* Records for processing

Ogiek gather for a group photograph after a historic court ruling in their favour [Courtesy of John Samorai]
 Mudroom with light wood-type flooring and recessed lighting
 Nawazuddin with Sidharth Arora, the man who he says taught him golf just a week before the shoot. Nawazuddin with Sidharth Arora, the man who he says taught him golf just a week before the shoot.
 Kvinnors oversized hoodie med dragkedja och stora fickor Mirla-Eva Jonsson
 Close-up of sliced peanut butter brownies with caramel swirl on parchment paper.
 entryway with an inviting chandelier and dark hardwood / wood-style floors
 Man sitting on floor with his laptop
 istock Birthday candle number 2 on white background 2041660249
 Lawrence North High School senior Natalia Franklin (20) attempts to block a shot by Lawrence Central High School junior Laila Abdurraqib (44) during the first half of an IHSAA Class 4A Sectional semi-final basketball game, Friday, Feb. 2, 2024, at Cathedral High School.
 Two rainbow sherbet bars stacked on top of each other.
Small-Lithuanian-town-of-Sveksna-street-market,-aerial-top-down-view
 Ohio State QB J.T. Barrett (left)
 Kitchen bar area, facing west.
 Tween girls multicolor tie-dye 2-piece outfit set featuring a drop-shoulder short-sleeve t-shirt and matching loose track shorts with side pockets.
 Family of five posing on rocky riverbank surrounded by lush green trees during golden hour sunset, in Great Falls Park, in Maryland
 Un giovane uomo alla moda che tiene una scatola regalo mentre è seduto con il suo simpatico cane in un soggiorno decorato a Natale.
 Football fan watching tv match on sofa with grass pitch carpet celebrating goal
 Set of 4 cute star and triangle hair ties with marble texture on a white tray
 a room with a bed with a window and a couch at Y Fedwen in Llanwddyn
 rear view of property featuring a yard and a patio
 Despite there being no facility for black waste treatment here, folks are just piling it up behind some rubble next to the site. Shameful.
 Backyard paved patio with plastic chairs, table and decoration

* What you have to do
Write out the material again, matching every line.

* Final answer
Ogiek gather for a group photograph after a historic court ruling in their favour [Courtesy of John Samorai]
 Mudroom with light wood-type flooring and recessed lighting
 Nawazuddin with Sidharth Arora, the man who he says taught him golf just a week before the shoot. Nawazuddin with Sidharth Arora, the man who he says taught him golf just a week before the shoot.
 Kvinnors oversized hoodie med dragkedja och stora fickor Mirla-Eva Jonsson
 Close-up of sliced peanut butter brownies with caramel swirl on parchment paper.
 entryway with an inviting chandelier and dark hardwood / wood-style floors
 Man sitting on floor with his laptop
 istock Birthday candle number 2 on white background 2041660249
 Lawrence North High School senior Natalia Franklin (20) attempts to block a shot by Lawrence Central High School junior Laila Abdurraqib (44) during the first half of an IHSAA Class 4A Sectional semi-final basketball game, Friday, Feb. 2, 2024, at Cathedral High School.
 Two rainbow sherbet bars stacked on top of each other.
Small-Lithuanian-town-of-Sveksna-street-market,-aerial-top-down-view
 Ohio State QB J.T. Barrett (left)
 Kitchen bar area, facing west.
 Tween girls multicolor tie-dye 2-piece outfit set featuring a drop-shoulder short-sleeve t-shirt and matching loose track shorts with side pockets.
 Family of five posing on rocky riverbank surrounded by lush green trees during golden hour sunset, in Great Falls Park, in Maryland
 Un giovane uomo alla moda che tiene una scatola regalo mentre è seduto con il suo simpatico cane in un soggiorno decorato a Natale.
 Football fan watching tv match on sofa with grass pitch carpet celebrating goal
 Set of 4 cute star and triangle hair ties with marble texture on a white tray
 a room with a bed with a window and a couch at Y Fedwen in Llanwddyn
 rear view of property featuring a yard and a patio
 Despite there being no facility for black waste treatment here, folks are just piling it up behind some rubble next to the site. Shameful.
 Backyard paved patio with plastic chairs, table and decoration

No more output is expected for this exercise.